Three new dashboard tools to visualize air quality

Agile ways to view trends or just snapshots in time

Silhouette of Tractor on Field at Foggy Dawn
Author:
cindyhg
Aug 15, 2024

NCAR GIS just released three new interactive visualization tools that illustrate air quality across a variety of modalities. These tools have been developed as dashboards that elegantly facilitate the end-user experience making it easy to understand trends and patterns in the data.

Superman moonrise over the downtown Los Angeles slightly smoggy skyline and the San Gabriel Mountains, as seen from the Baldwin Hills Scenic Overlook

The Air Quality Dashboard displays modeled air quality (Congestion Mitigation and Air Quality [CMAQ]) for U.S. states and counties.

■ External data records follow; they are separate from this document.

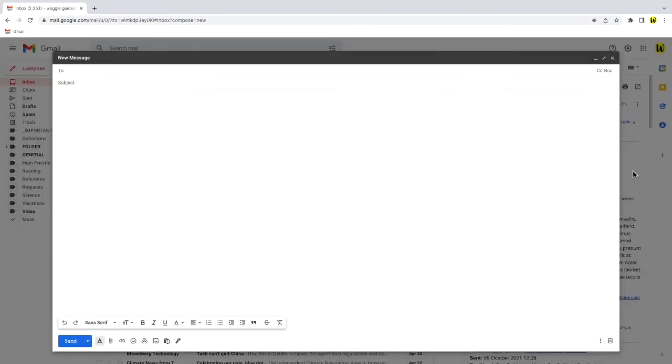The email compose window now fills your entire screen. However, I've only done this for this single email and I want all my emails to be shown full screen.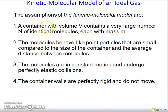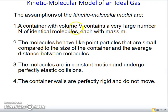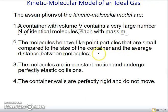Let's start with a few assumptions. The assumptions of an ideal molecular model are: a container with volume V contains a large number of identical molecules, denoted by capital N, and each molecule has mass m. The molecules behave like point particles that are small compared to the size of the container and the average distance between molecules — so molecules do not have any size or volume.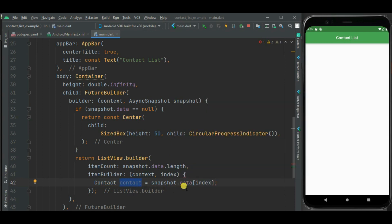Here we have got this contact object from this list. Now we will be using this contact object to show contact detail in ListView.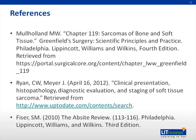This concludes my presentation on soft tissue sarcomas. I wish you good luck in your studies and your futures in becoming physicians. Here are my references if you'd like to further read on these topics. Thank you.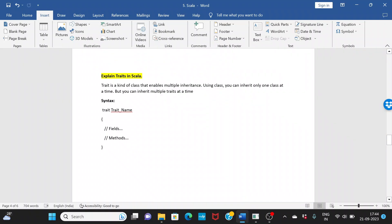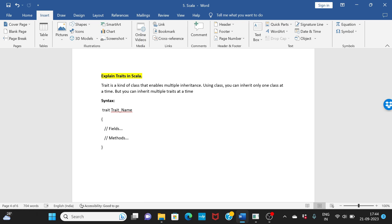Explain traits in Scala. What is a trait? In simple words, a trait is a special kind of class that enables multiple inheritance. Using a class, you can inherit only one class at a time, but this is where traits come into the picture. Using traits, you can inherit multiple traits at a time. That's the main advantage of traits: they support multiple inheritance.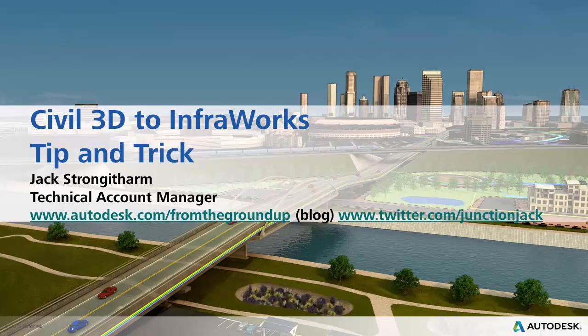Hi this is Jack Strongetham speaking from Autodesk. With this tip and trick I'm going to show you how to move data from Civil 3D over to InfraWorks to take your detailed design and use InfraWorks as a good real time engine to show your detailed design off.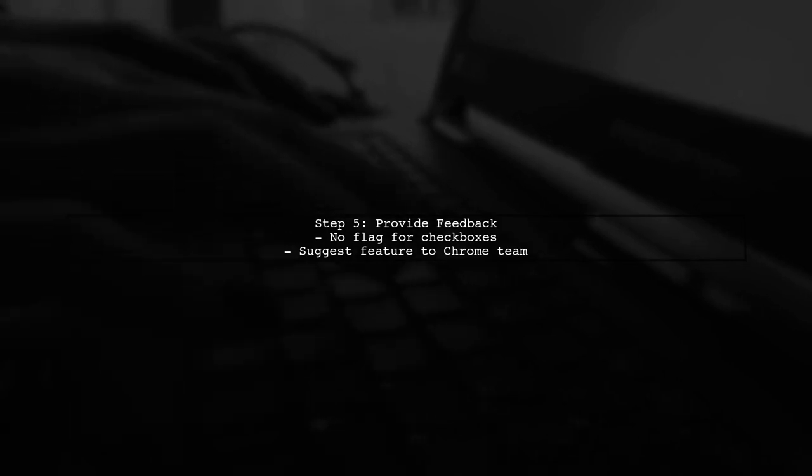As of now, there is no flag to revert to the old checkbox method. You can provide feedback to the Chrome team through their official channels to express your preference for this feature.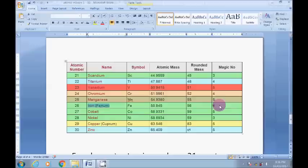This is the way to calculate the atomic masses of elements from 1 to 30. Thanks for watching, and don't forget to share this video link with your friends and inform them to subscribe to my channel. Thank you once again.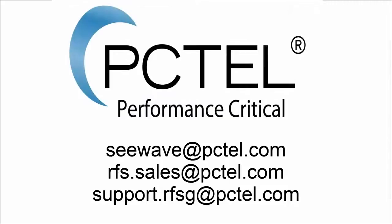For additional C-Wave information, other PC-TEL products and services, or support, send your email to the addresses shown or point your browser to pctel.com. Thank you.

The available data are for Ozone, NO2, PM1, PM2.5 and PM10.  This information can be used to discern whether local air-quality policies have had any positive impact.  For example, you might view Los Angeles county to study the downward trend in levels of ozone and PM over the years after local county governments implemented new air quality policy. Or you might discover how large wildfire years have affected air quality. If you view Shasta County in California you'll see the spikes of high PM and Ozone that correlated to big wildfire years.

Take this information a step farther with the Agriculture and Air Pollution Dashboard. It's commonly known that air quality has a dramatic effect on agricultural production. This tool includes additional variables related to vegetation health. Now you can study trends in the agricultural food-supply chain that may have been damaged by poor air quality events.

And, there's another! The Air Quality Index Dashboard takes the visualizations rendered by the Air Quality Dashboard to the next level. If users are curious about the trends they observed in the Air Quality Dashboard, they can use this tool to download that data. Using Open Source Python Streamlite technology, this dashboard lets users spatially and temporally aggregate air-quality variables from the CMAQ model, downloaded as .cvs, and at a finer temporal resolution!  The .csv data can then incorporated be into researchers' modeling tools for further analysis.

Air-quality trends are easier than ever to view and employ for individual research. Users ranging from local safety managers to food producers to healthcare now have an agile, elegant way to inform their disciplines.